* **WORK TO BE COMPLETED**
Look below for the line with "Dolce & Gabbana Blue Leather Logo Belt" and the line with "Vista 2 de Source"; repeat exactly those two lines and all lines between them, but no pictures.

* **DATASET CONTENT**
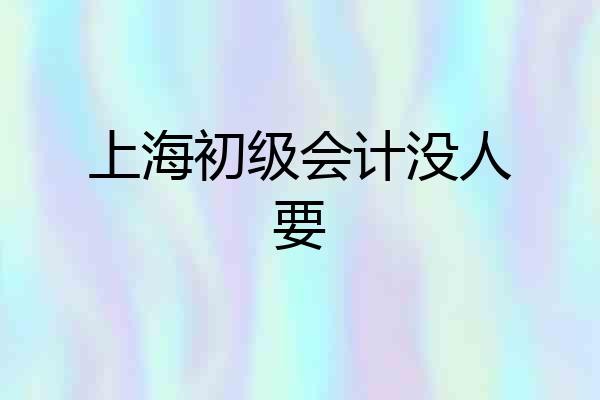 上海初级会计没人要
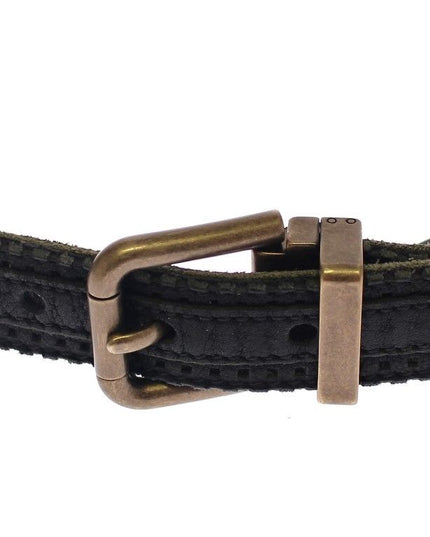 Dolce & Gabbana Blue Leather Logo Belt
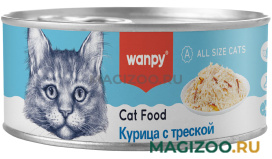 Влажный корм (консервы) WANPY CAT для кошек с курицей и треской (95 гр)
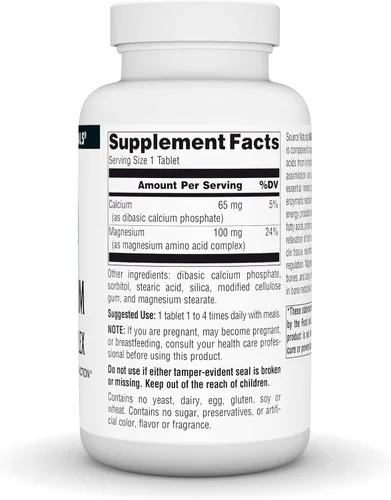 Vista 2 de Source Naturals Quelato de magnesio - Apoya la función nerviosa y muscular - 250 tabletas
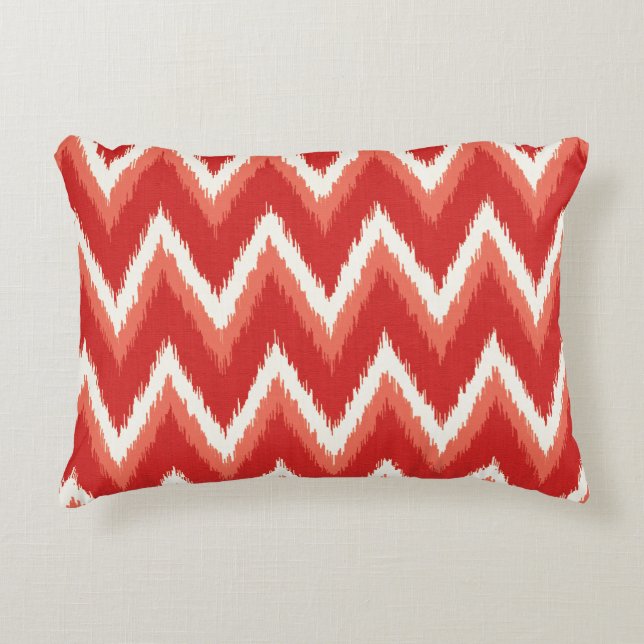 Coussins Décoratifs Ikat Chevron Stripes - Rust Orange et Blanc (Devant)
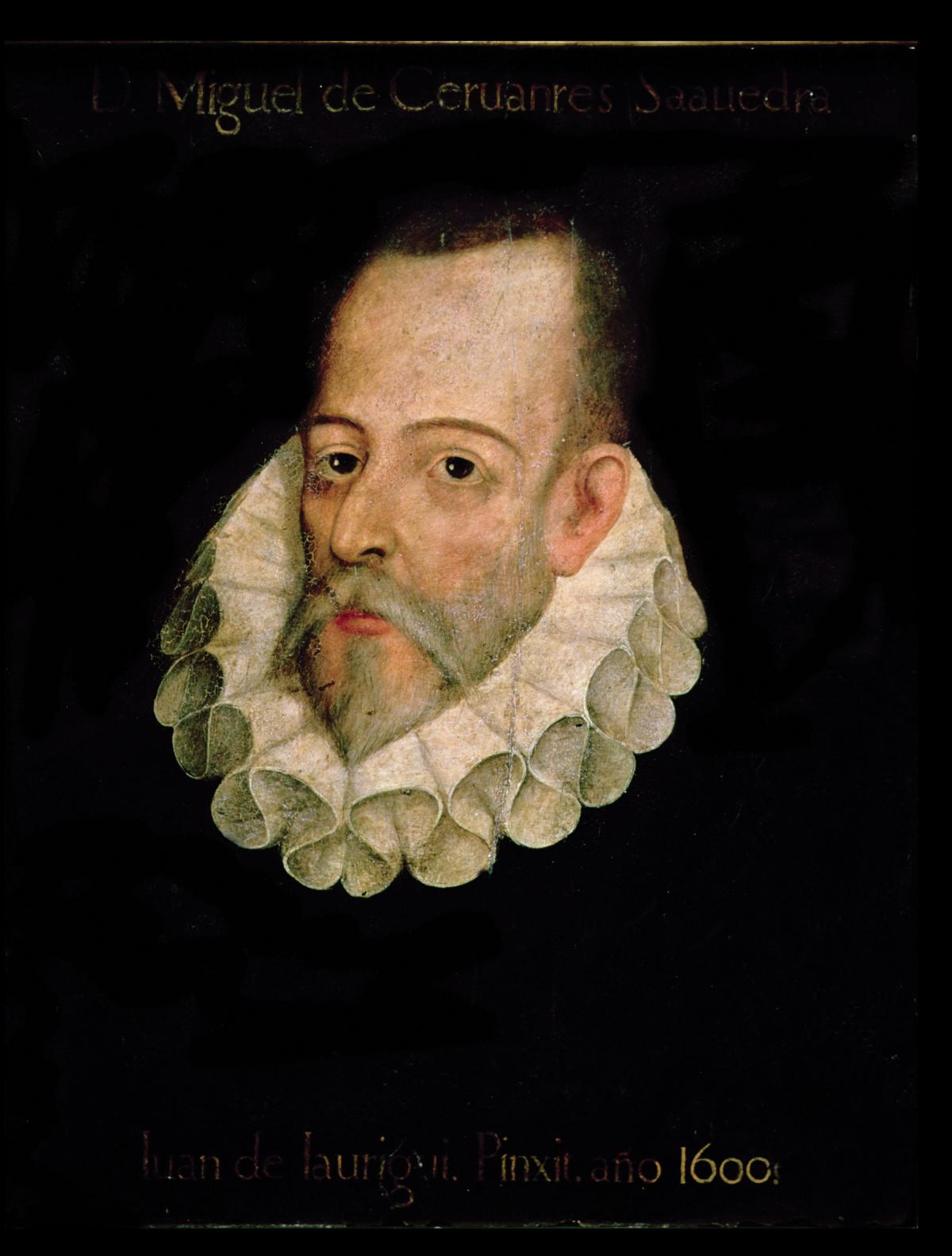 Portrait of Miguel de Cervantes with ruffled collar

* **RESULT OF THIS TASK**
 Dolce & Gabbana Blue Leather Logo Belt
 Влажный корм (консервы) WANPY CAT для кошек с курицей и треской (95 гр)
 Vista 2 de Source Naturals Quelato de magnesio - Apoya la función nerviosa y muscular - 250 tabletas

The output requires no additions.